Check out Matt's piece on Dino Rossi, who gets both my vote (and my bet, if I were a betting man) to be Washington's next governor. [For those who don't mind downloading 1MB jpegs, there is this photo I took of Dino giving a stump speech on an actual stump! and this photo that Andy MacDonald took of two generations of Sharkanskys standing with Dino]

Matt also responds to the Seattle Weekly's inability to nominate a Best Local Conservative. Matt's a modest guy, he should have included himself in the list of best local conservative bloggers.

Rotten Apple

Over on the new Sound Politics blog, my overview of I-884, a proposed billion dollar increase in the sales tax .

August 05, 2004
Flush!

Making the e-mail rounds today is this photo of roadside art, observed on Route 38 near Racine, Wisconsin.

Shark-TV

My interview Monday evening at the Downtown Seattle Republican Club on the topic "The Seattle Families and Education Levy" will be broadcast on SCAN-TV (Comcast Cable channel 77 or 29 in Seattle and most of King County) tonight, Thursday, Aug. 5 at 6pm.
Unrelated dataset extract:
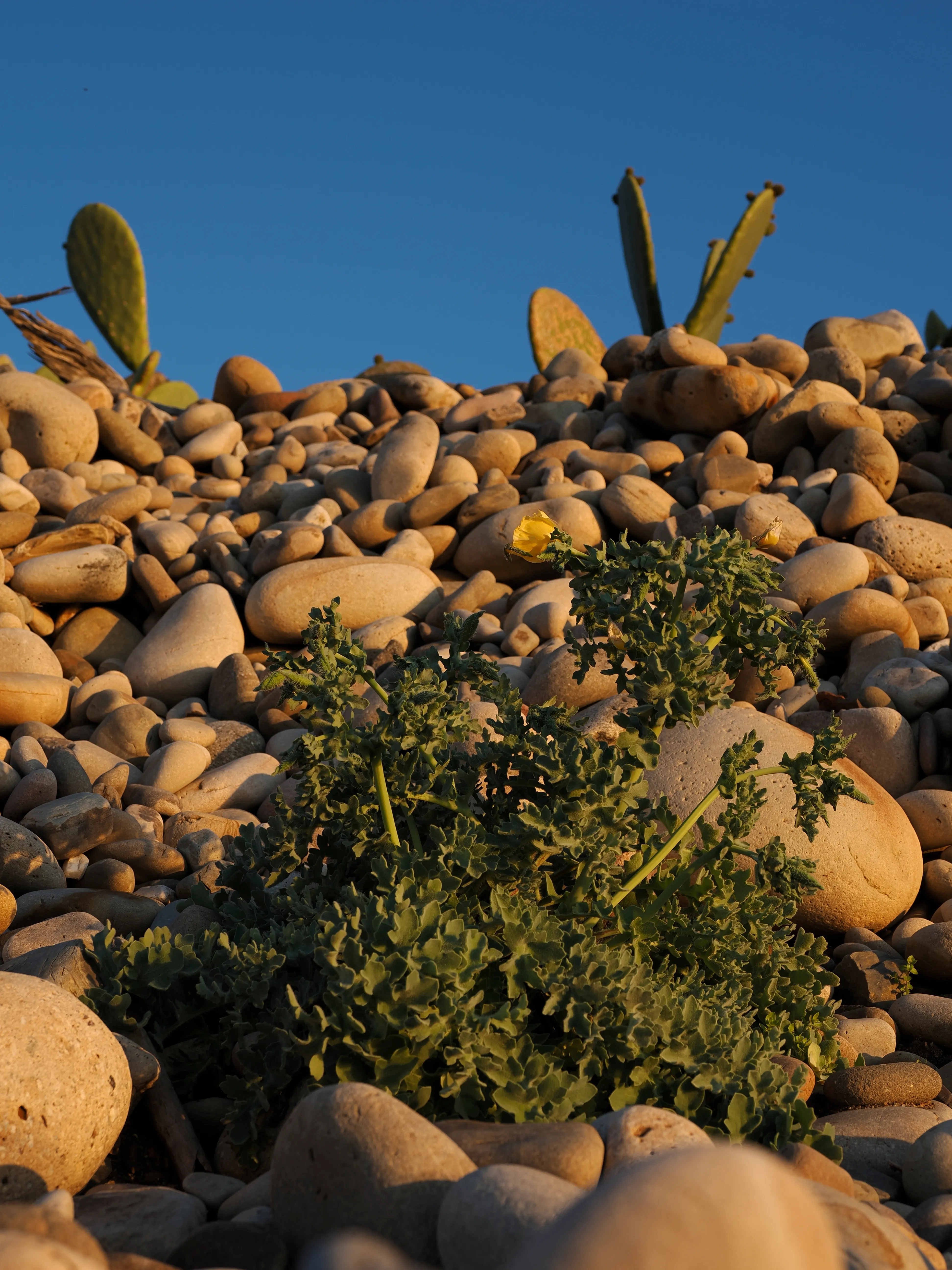 Papavero giallo. Un fiore che abita i margini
The show is called Republican Perspective.

I've never done a half-hour issues program before, so please set your VCRs to SCAN-TV tonight at 6, and send me any constructive feedback on my performance.

I'll be the guest host of Republican Perspective taping on August 16 to air on August 19. It's up to me to schedule the guest interviewee. I have a few ideas but am still open to suggestions. Local readers, please feel free to suggest any local political figures whom you might be interested in seeing in conversation with The Shark and for whom you would come to downtown Seattle on a Monday evening to be part of the live audience.

UPDATE: I've tentatively scheduled a representative from the Monorail Recall campaign committee.

Religion of Peace

Yet another episode involving acts of peace in the name of religion:

Two leaders of a mosque in Albany, N.Y., were arrested on charges stemming from an alleged plot to purchase a shoulder-fired missile that would be used to assassinate the Pakistani ambassador in New York
Yes, I know, this whole "Religion of Peace" joke is getting old. But in this case it really fits. The name of the mosque that these terrorist conspirators lead?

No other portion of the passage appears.